When transcoding a 114MB MPEG4 file to AVI using Oxelon Media Converter, the Mini 10 took 6 minutes and 14 seconds. That showing is about 25 seconds slower than the Aspire One 532h, and around 10 seconds slower than the mini NB305.
The Mini 10’s 3DMark06 score of 157 was just two points shy of the mini NB305. Surprisingly, an episode of How I Met Your Mother streamed smoothly at full screen; audio and video synced perfectly throughout, and there was no stuttering. As mentioned above, the Mini 10 will also be offered in late February 2010 with a Broadcom HD video accelerator (a $30 option), which promises even better video performance when streaming HD video over the Web using Adobe Flash Player 10.1.
Battery Life and Wi-Fi
The six-cell, 5600-mAh battery in the Mini 10 performed very well, lasting for 9 hours and 3 minutes on our LAPTOP Battery Test (Web Surfing via Wi-Fi). That’s a marked improvement over the previous Mini 10 (5:17), about 3 hours longer than the six-cell netbook average, and approximately 25 minutes longer than the Toshiba mini NB305. The only other Pine Trail netbooks that have outlasted the Mini 10 thus far are the Eee PC 1005PE-P (10:36) and HP Mini 5102 (10:08).
The 802.11b/g Wi-Fi radio in the Mini 10 notched decent speeds in our wireless tests. At 15 feet from our access point, its throughput of 19.4 Mbps was a little under the average (21.0 Mbps); at 50 feet, its speed of 17.6 Mbps was a hair above average (17.3 Mbps).
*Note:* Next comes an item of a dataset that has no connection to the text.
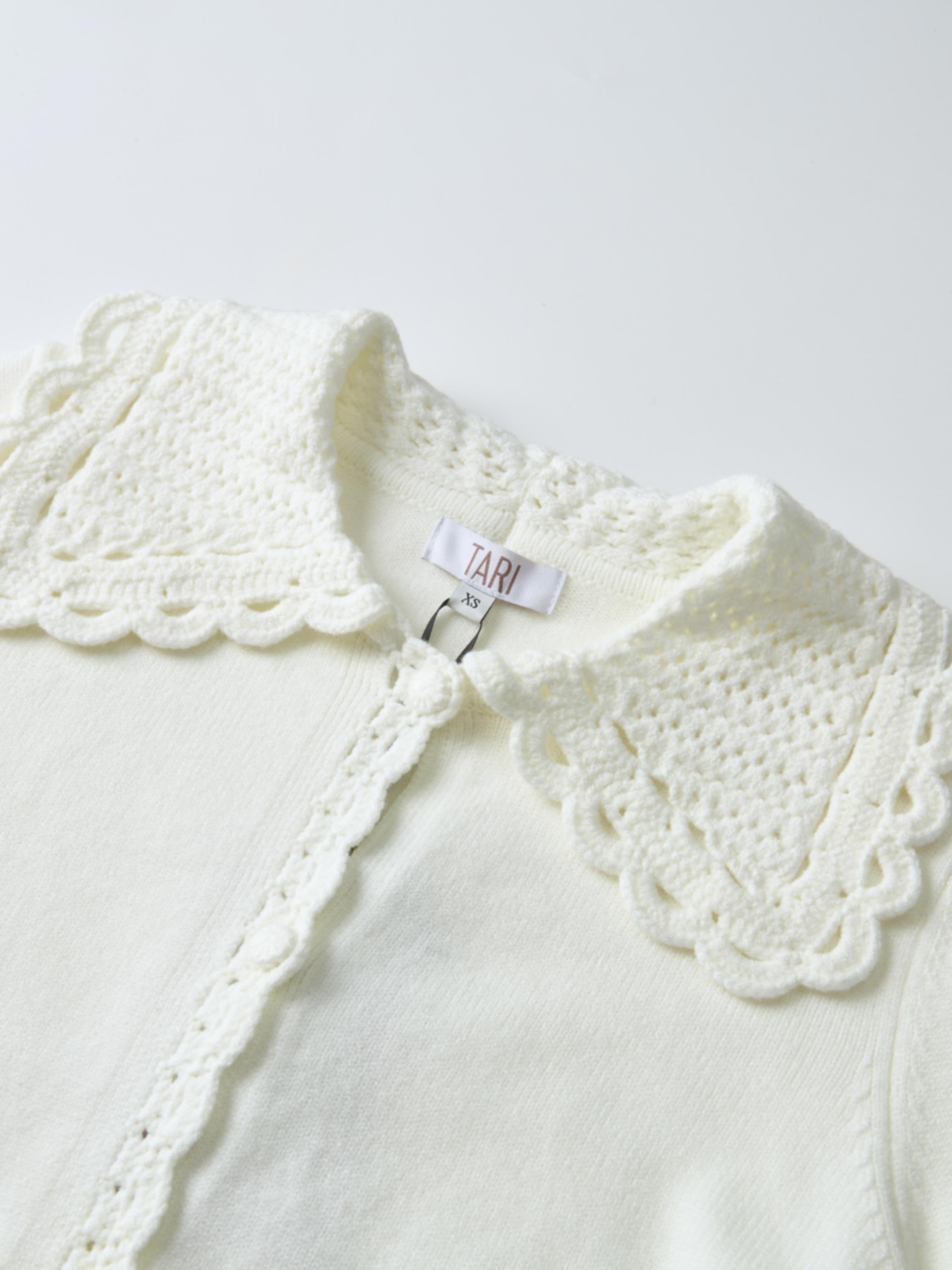 Scalloped Crochet Collar Cardigan - Cream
Aside from the different color options ($40), Dell will offer the Mini 10 with a Broadcom Crystal HD video accelerator and a high-res, 1366 x 768 display starting in the second half of February. Users can also add built-in mobile broadband (AT&T, Sprint, or Verizon Wireless) for $125. Less expensive options include Windows XP Home and a 160GB hard drive for $299, and Windows 7 Starter Edition and a 160GB hard drive for $329. Users cannot configure the Mini 10 with additional RAM via Dell's website, so you’ll have to add your own.
Dell will also offer pre-configured Mini 10 models beginning in the second half of February that include Media HD, HDTV, and GPS. All will include a high-res, 1366x768 display with the Broadcom Crystal HD media accelerator, and SRS Surround Sound, and the latter two will include a built-in digital TV tuner or built-in GPS with location aware services. These models will start at $425.
The Mini 10 comes with the Dell Dock, a customizable panel that sits on the top of the screen and allows quick access to various programs and utilities. It’s easier than digging through the Start menu, and we appreciate having the oversized icons on the dock (especially on a 10-inch screen), even though you can pin programs to the taskbar. Other software includes McAfee SecurityCenter and Microsoft Works.
The Inspiron Mini 10 is a solid netbook, especially for those who want to customize the look of their systems and trick it out with plenty of options. It offers a more attractive chassis than its predecessor, better audio and video performance, and over 9 hours of battery life—nearly double the previous generation. Plus, the $369 configuration is cheaper than most other Pine Trail netbooks, with the Acer Aspire One 532h ($349) being the exception. However, the Mini 10’s integrated touchpad buttons and excess heat give us pause. We’d rather spend the extra $30 on the more ergonomically sound Toshiba mini NB305, but the Mini 10 has style and substance.